# What to do
The expected output is an exact copy of the lines from the one containing "Sweatshirt M Photo 0" to the final line below, minus any pictures.

Image-caption web data:

===

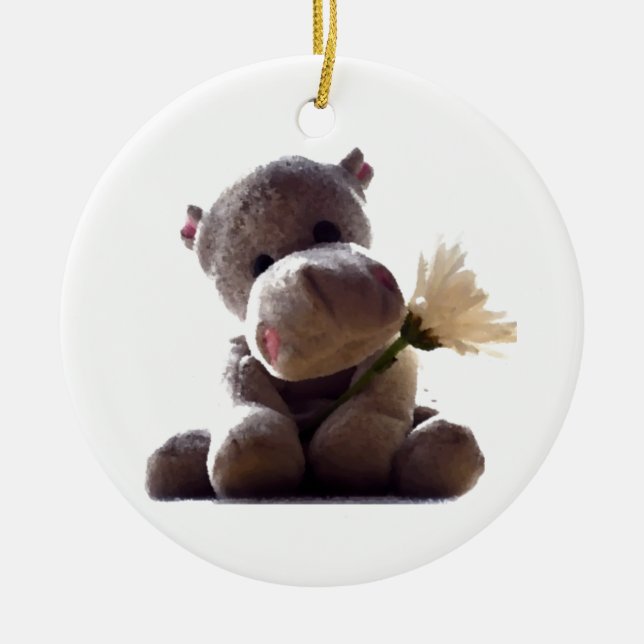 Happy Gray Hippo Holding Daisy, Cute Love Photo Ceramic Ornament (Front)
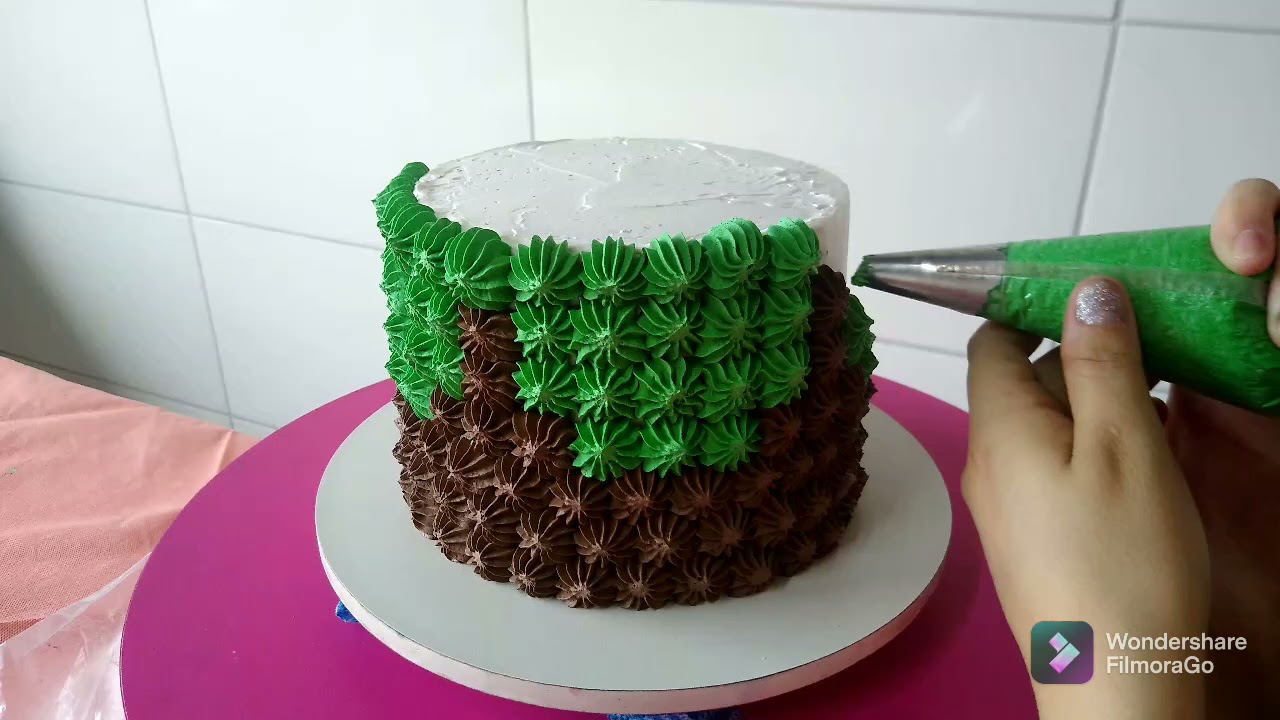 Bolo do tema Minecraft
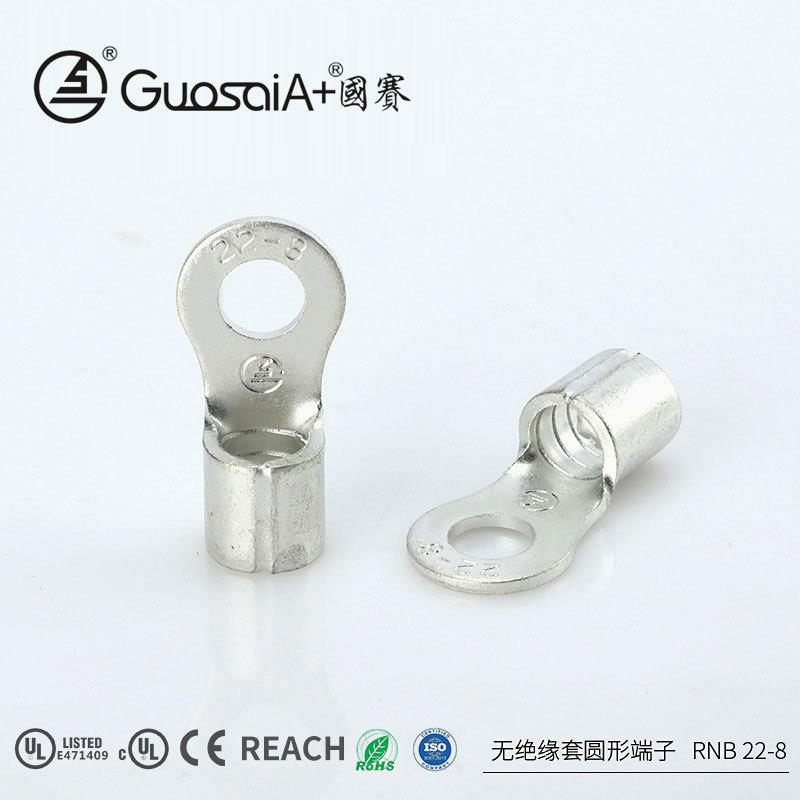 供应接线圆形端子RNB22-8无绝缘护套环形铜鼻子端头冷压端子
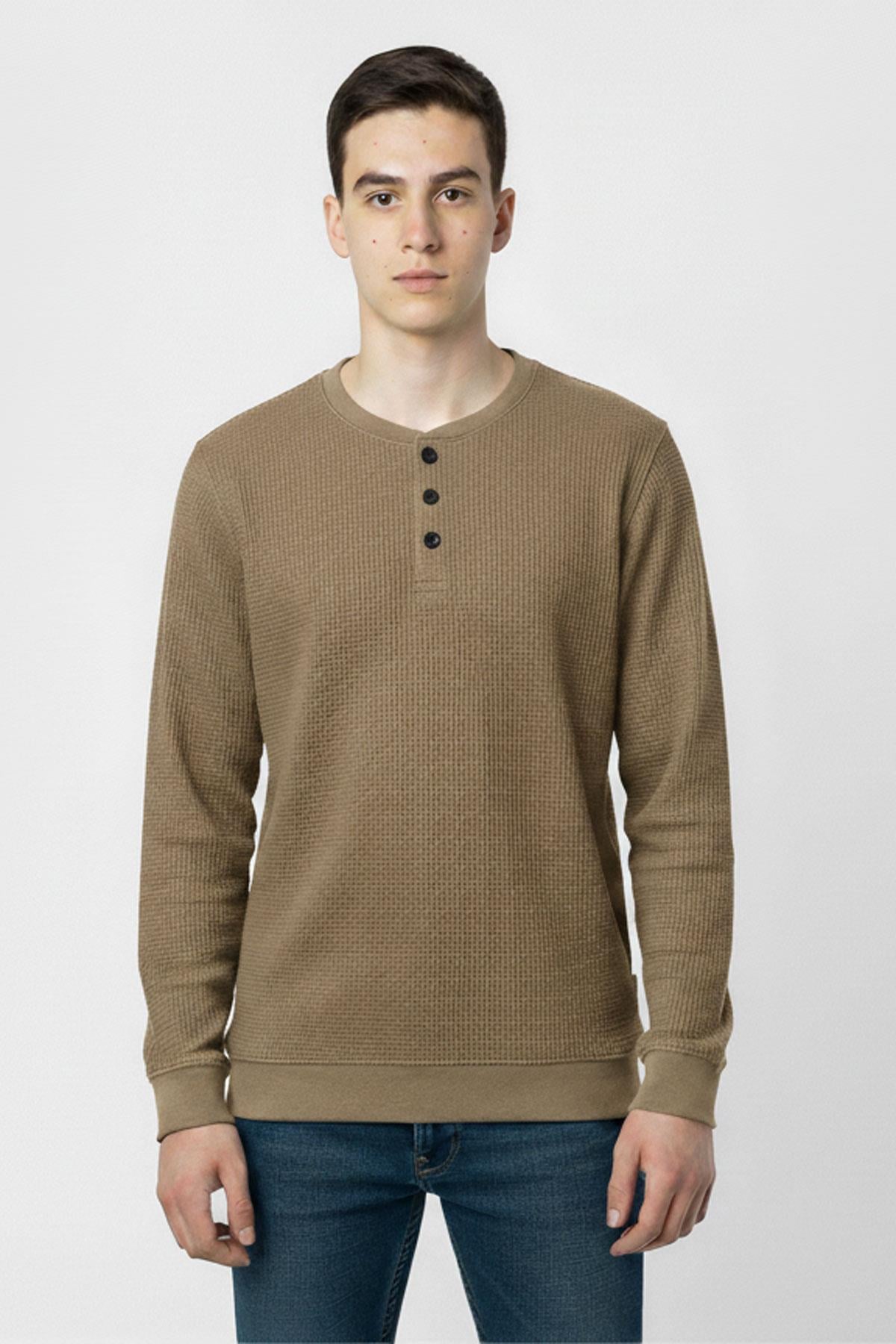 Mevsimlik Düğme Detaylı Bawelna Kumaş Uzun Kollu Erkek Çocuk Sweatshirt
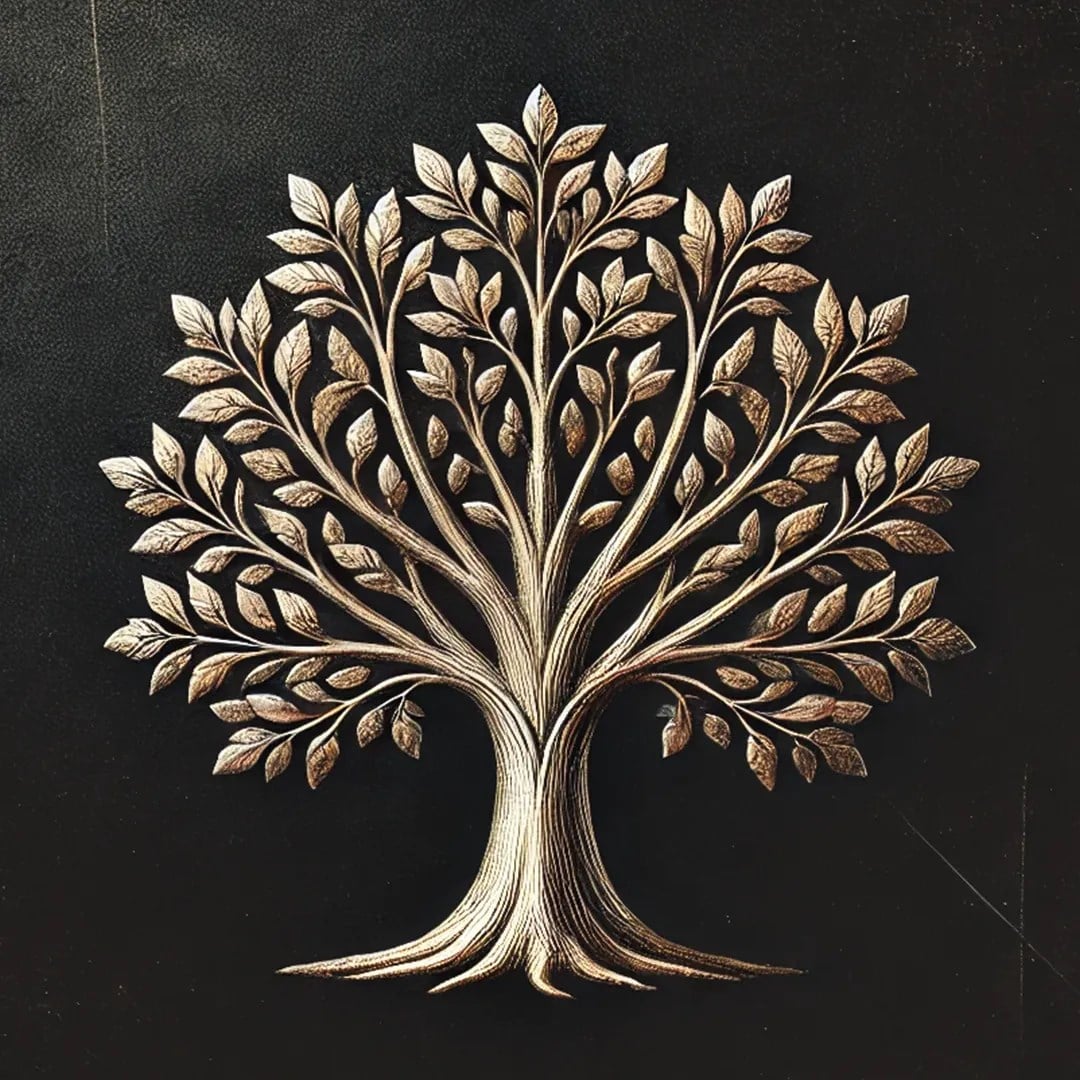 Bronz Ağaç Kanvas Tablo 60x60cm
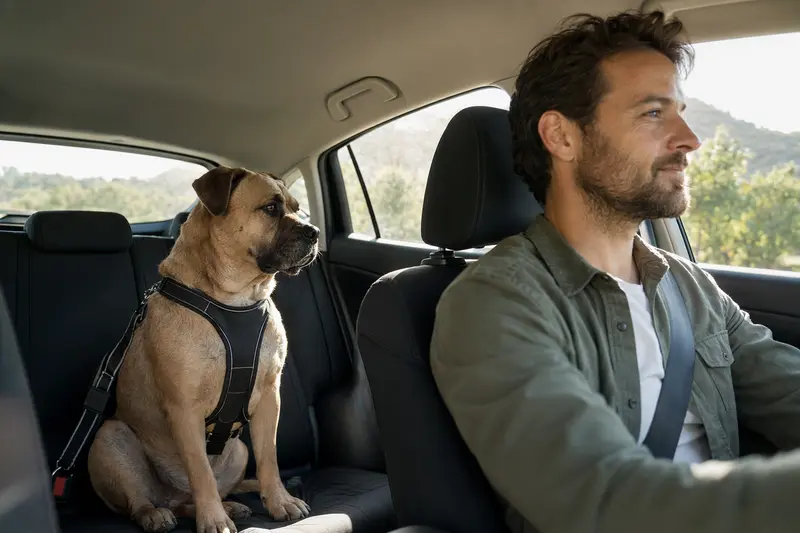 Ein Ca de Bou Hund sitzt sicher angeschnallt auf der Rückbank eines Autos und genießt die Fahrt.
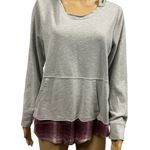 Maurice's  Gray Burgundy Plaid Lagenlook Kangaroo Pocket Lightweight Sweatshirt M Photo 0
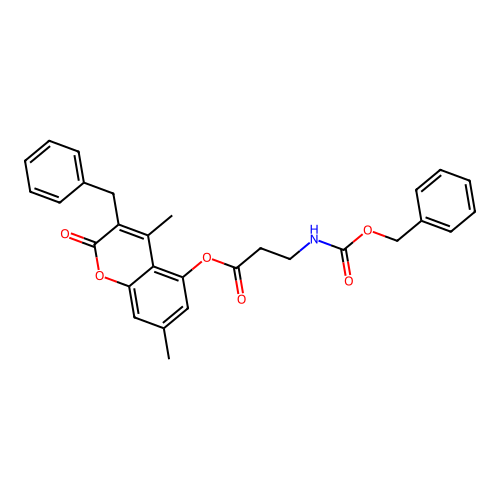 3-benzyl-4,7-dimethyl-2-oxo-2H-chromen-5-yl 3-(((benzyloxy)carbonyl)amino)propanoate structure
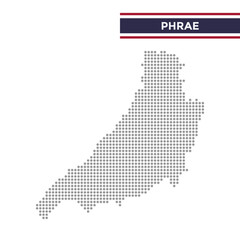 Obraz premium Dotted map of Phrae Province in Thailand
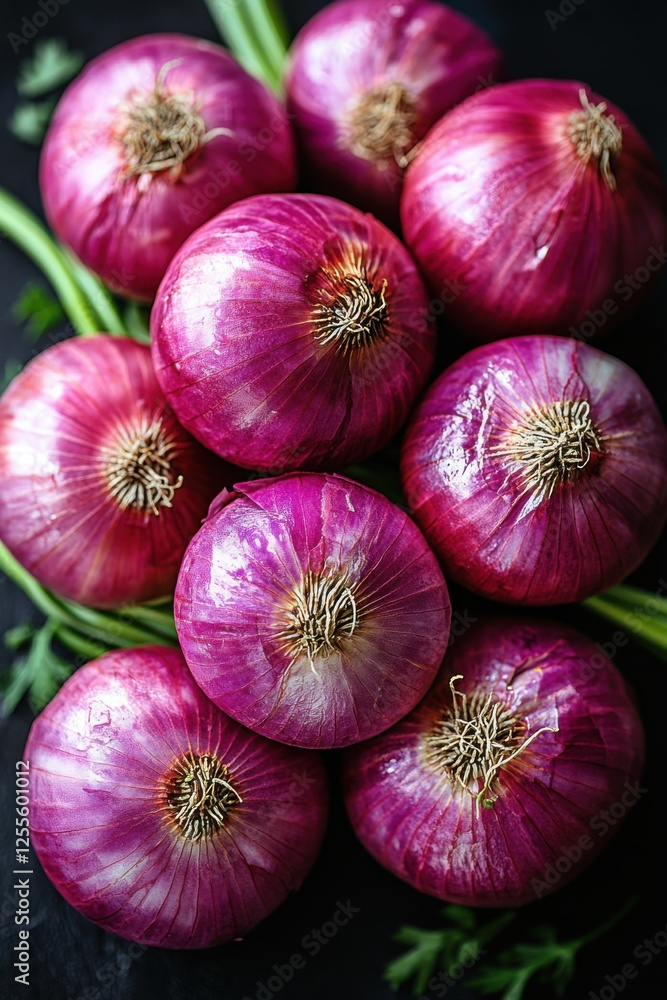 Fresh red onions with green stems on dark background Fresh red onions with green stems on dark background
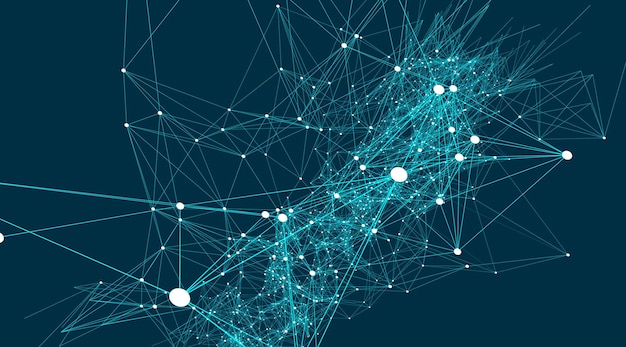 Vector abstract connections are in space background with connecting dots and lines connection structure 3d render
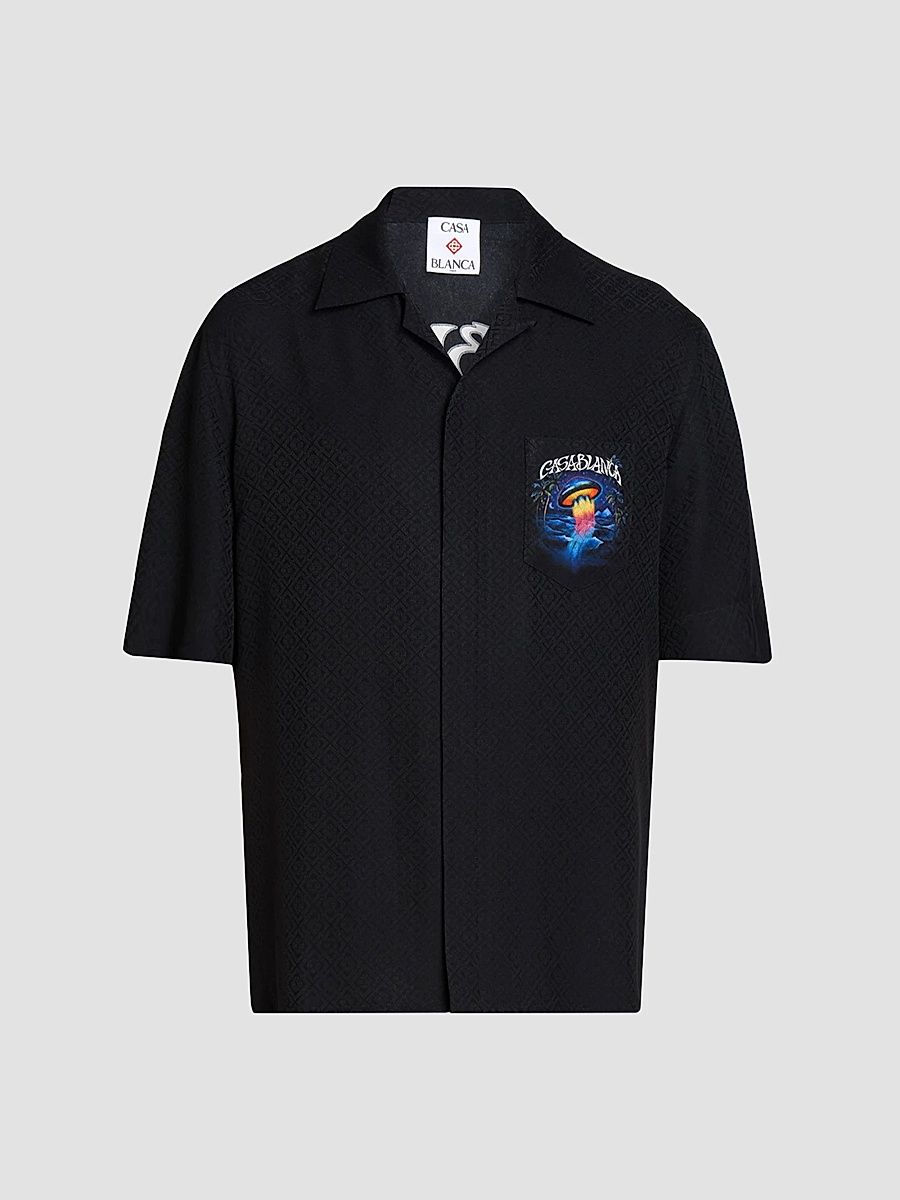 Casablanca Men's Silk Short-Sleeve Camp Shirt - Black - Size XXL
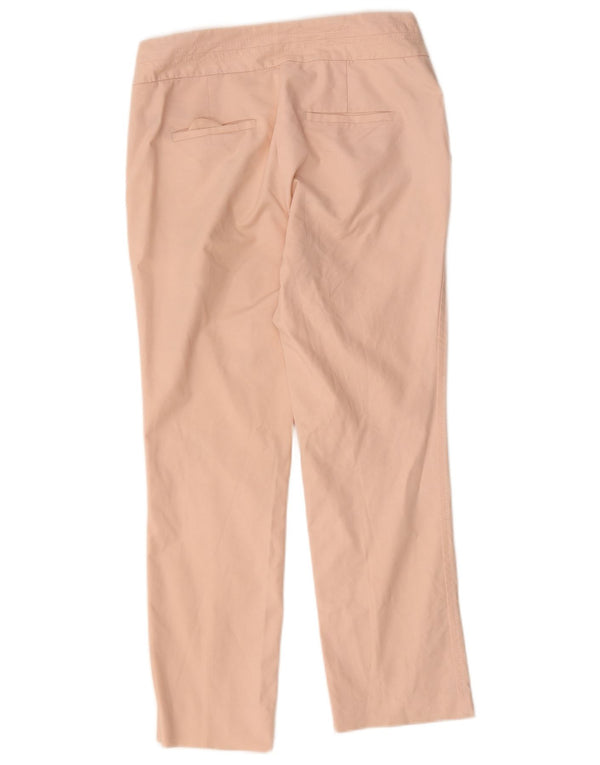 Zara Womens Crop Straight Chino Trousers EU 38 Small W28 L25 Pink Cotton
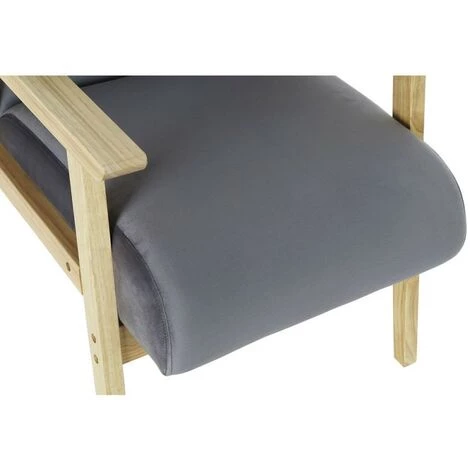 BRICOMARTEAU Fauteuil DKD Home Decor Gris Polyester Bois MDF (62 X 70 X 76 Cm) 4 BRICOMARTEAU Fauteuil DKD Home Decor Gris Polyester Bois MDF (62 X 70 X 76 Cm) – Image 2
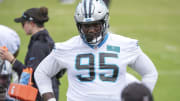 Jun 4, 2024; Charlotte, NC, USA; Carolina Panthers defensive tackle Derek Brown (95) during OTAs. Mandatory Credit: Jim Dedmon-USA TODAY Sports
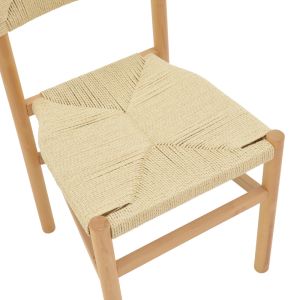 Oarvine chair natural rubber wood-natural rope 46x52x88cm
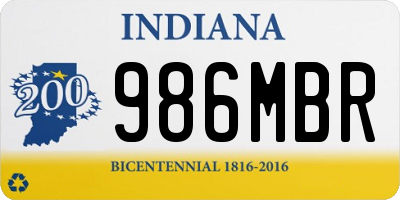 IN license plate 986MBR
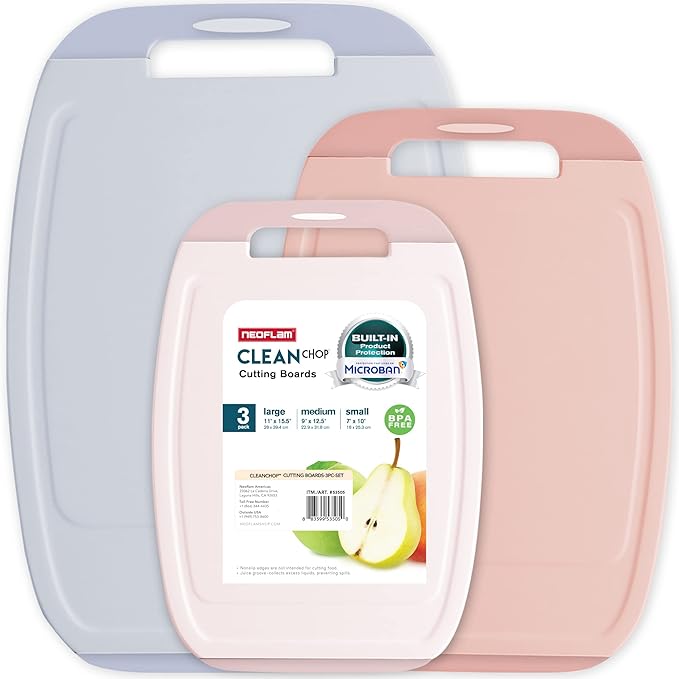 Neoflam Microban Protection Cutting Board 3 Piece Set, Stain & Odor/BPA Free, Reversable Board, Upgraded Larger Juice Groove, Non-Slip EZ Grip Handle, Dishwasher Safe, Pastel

===

# Your response
 Maurice's  Gray Burgundy Plaid Lagenlook Kangaroo Pocket Lightweight Sweatshirt M Photo 0
 3-benzyl-4,7-dimethyl-2-oxo-2H-chromen-5-yl 3-(((benzyloxy)carbonyl)amino)propanoate structure
 Obraz premium Dotted map of Phrae Province in Thailand
 Fresh red onions with green stems on dark background Fresh red onions with green stems on dark background
 Vector abstract connections are in space background with connecting dots and lines connection structure 3d render
 Casablanca Men's Silk Short-Sleeve Camp Shirt - Black - Size XXL
 Zara Womens Crop Straight Chino Trousers EU 38 Small W28 L25 Pink Cotton
 BRICOMARTEAU Fauteuil DKD Home Decor Gris Polyester Bois MDF (62 X 70 X 76 Cm) 4 BRICOMARTEAU Fauteuil DKD Home Decor Gris Polyester Bois MDF (62 X 70 X 76 Cm) – Image 2
 Jun 4, 2024; Charlotte, NC, USA; Carolina Panthers defensive tackle Derek Brown (95) during OTAs. Mandatory Credit: Jim Dedmon-USA TODAY Sports
 Oarvine chair natural rubber wood-natural rope 46x52x88cm
 IN license plate 986MBR
 Neoflam Microban Protection Cutting Board 3 Piece Set, Stain & Odor/BPA Free, Reversable Board, Upgraded Larger Juice Groove, Non-Slip EZ Grip Handle, Dishwasher Safe, Pastel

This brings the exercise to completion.